## Task prompt
Within the records that follow, restate exactly the lines from the line with "FEBECT CHABEPR CHAB-EPR_сайлентблок" down to the line with "Peanuts | Snoopy", including both. Omit the pictures.

## Data supplied
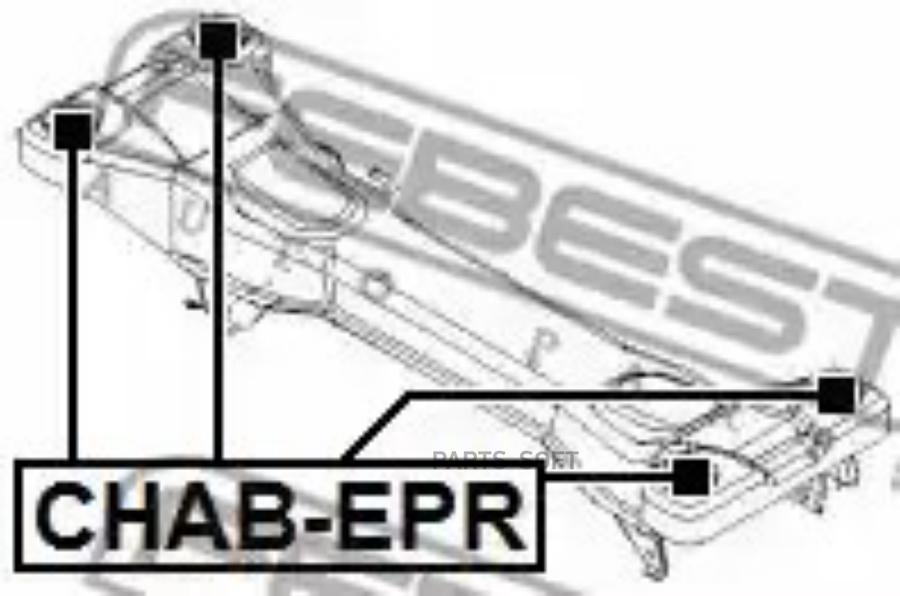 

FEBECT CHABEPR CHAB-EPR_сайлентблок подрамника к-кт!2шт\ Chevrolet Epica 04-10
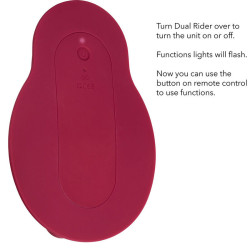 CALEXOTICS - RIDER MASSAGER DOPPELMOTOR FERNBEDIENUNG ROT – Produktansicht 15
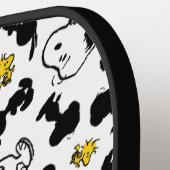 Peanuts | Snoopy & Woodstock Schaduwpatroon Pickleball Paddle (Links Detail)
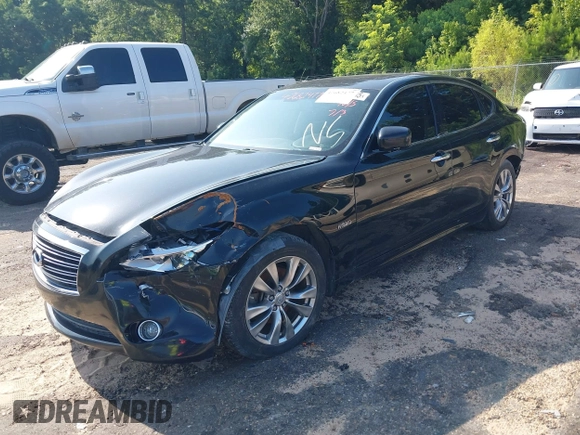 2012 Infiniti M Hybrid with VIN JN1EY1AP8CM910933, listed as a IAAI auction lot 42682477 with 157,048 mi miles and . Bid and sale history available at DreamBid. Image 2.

---

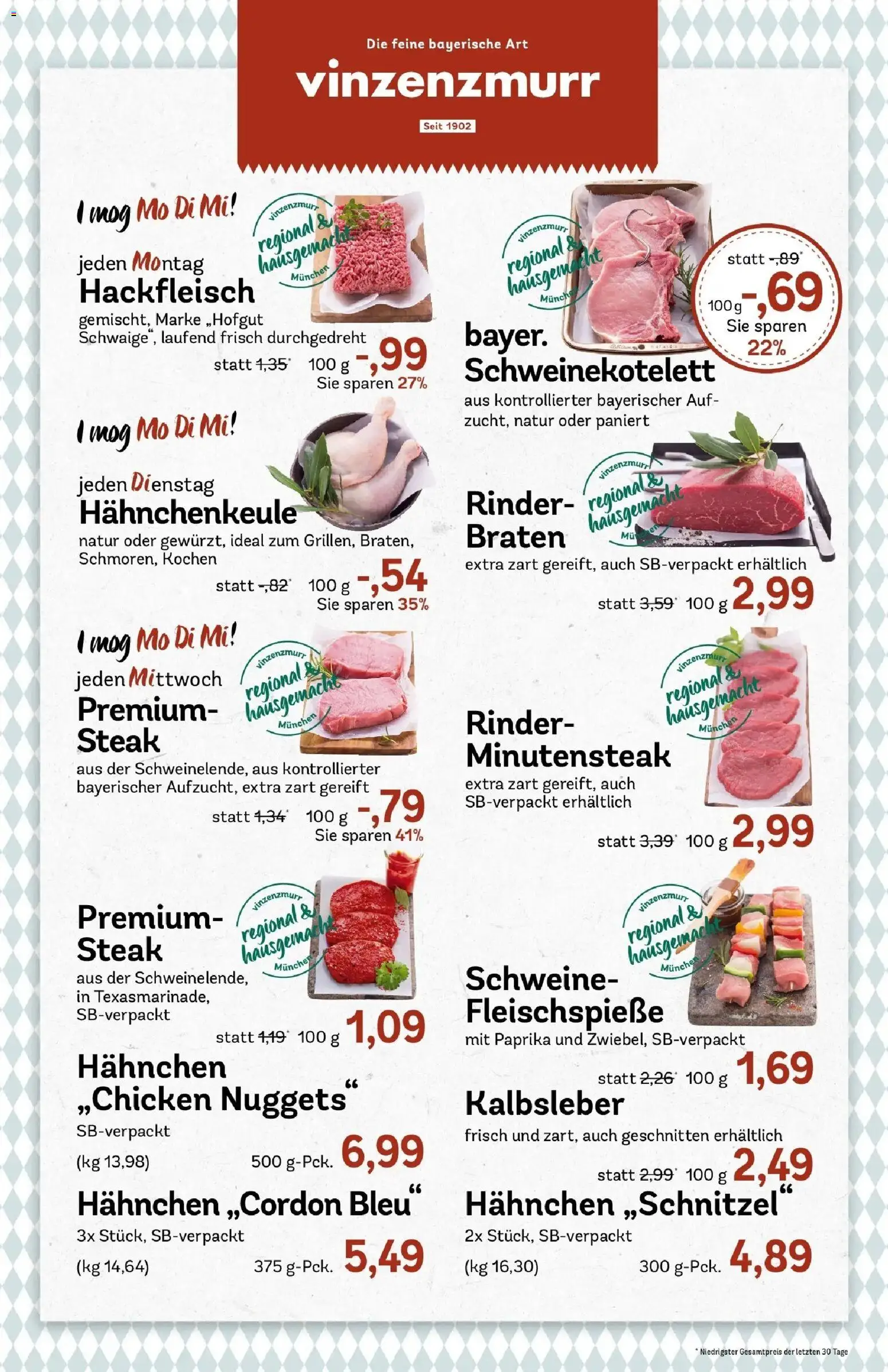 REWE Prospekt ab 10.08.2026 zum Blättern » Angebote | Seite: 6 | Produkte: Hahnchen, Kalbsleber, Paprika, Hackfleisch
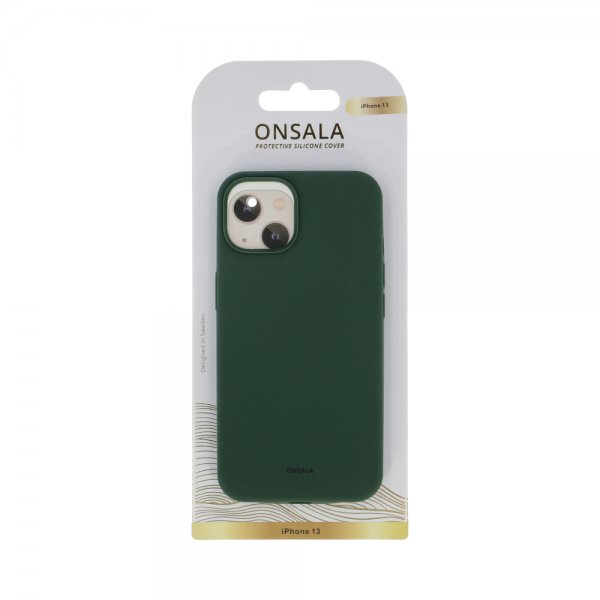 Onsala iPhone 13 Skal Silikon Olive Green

## Answer box
FEBECT CHABEPR CHAB-EPR_сайлентблок подрамника к-кт!2шт\ Chevrolet Epica 04-10
 CALEXOTICS - RIDER MASSAGER DOPPELMOTOR FERNBEDIENUNG ROT – Produktansicht 15
 Peanuts | Snoopy & Woodstock Schaduwpatroon Pickleball Paddle (Links Detail)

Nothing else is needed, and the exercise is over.